_Source data:_
____________

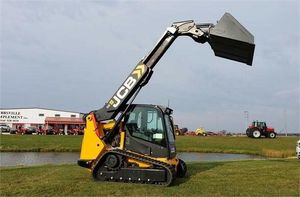 Chargeuse compacte sur chenilles JCB 3TS-8T 2026 avec moteur diesel et couple élevé à vendre - Product Image 3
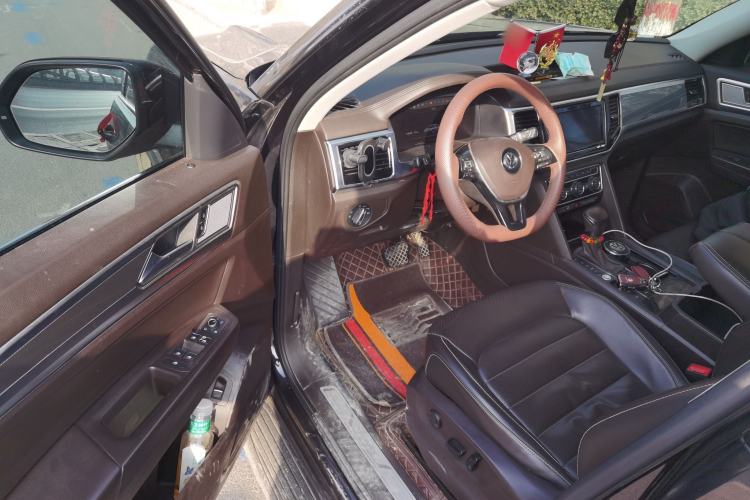 Used Volkswagen Teramont 2019 330TSI Two-Wheel-Drive Luxury Edition China VI Standard Driver Seat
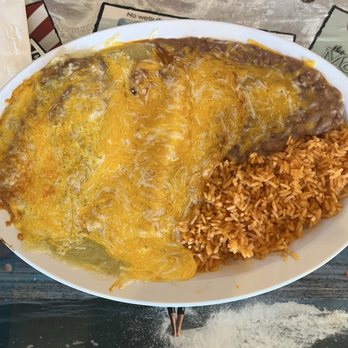 Olas De Carlos Surf Grill - Chile Relleno & cheese enchilada plate with rice & refried beans - Mexican Near Me - Camarillo, California Olas De Carlos Surf Grill - Chile Relleno & cheese enchilada plate with rice & refried beans - Mexican Near Me - Camarillo, California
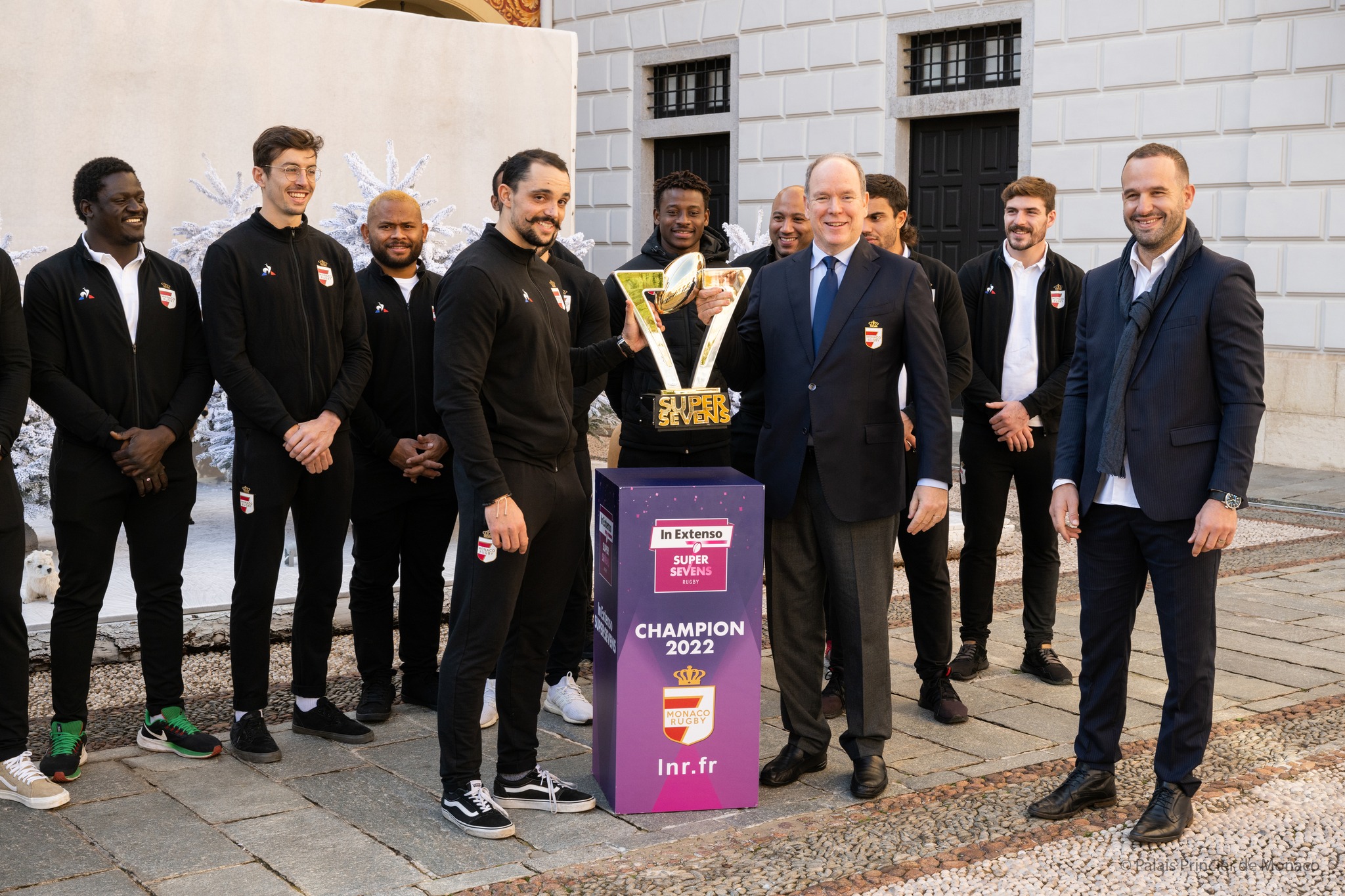 Albert de Monaco reçoit le Monaco Rugby Sevens Noblesse & Royautés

____________

_Exercise directions:_ Quote the material in full and exactly; do not carry over its pictures.

_Written response:_
 Chargeuse compacte sur chenilles JCB 3TS-8T 2026 avec moteur diesel et couple élevé à vendre - Product Image 3
 Used Volkswagen Teramont 2019 330TSI Two-Wheel-Drive Luxury Edition China VI Standard Driver Seat
 Olas De Carlos Surf Grill - Chile Relleno & cheese enchilada plate with rice & refried beans - Mexican Near Me - Camarillo, California Olas De Carlos Surf Grill - Chile Relleno & cheese enchilada plate with rice & refried beans - Mexican Near Me - Camarillo, California
 Albert de Monaco reçoit le Monaco Rugby Sevens Noblesse & Royautés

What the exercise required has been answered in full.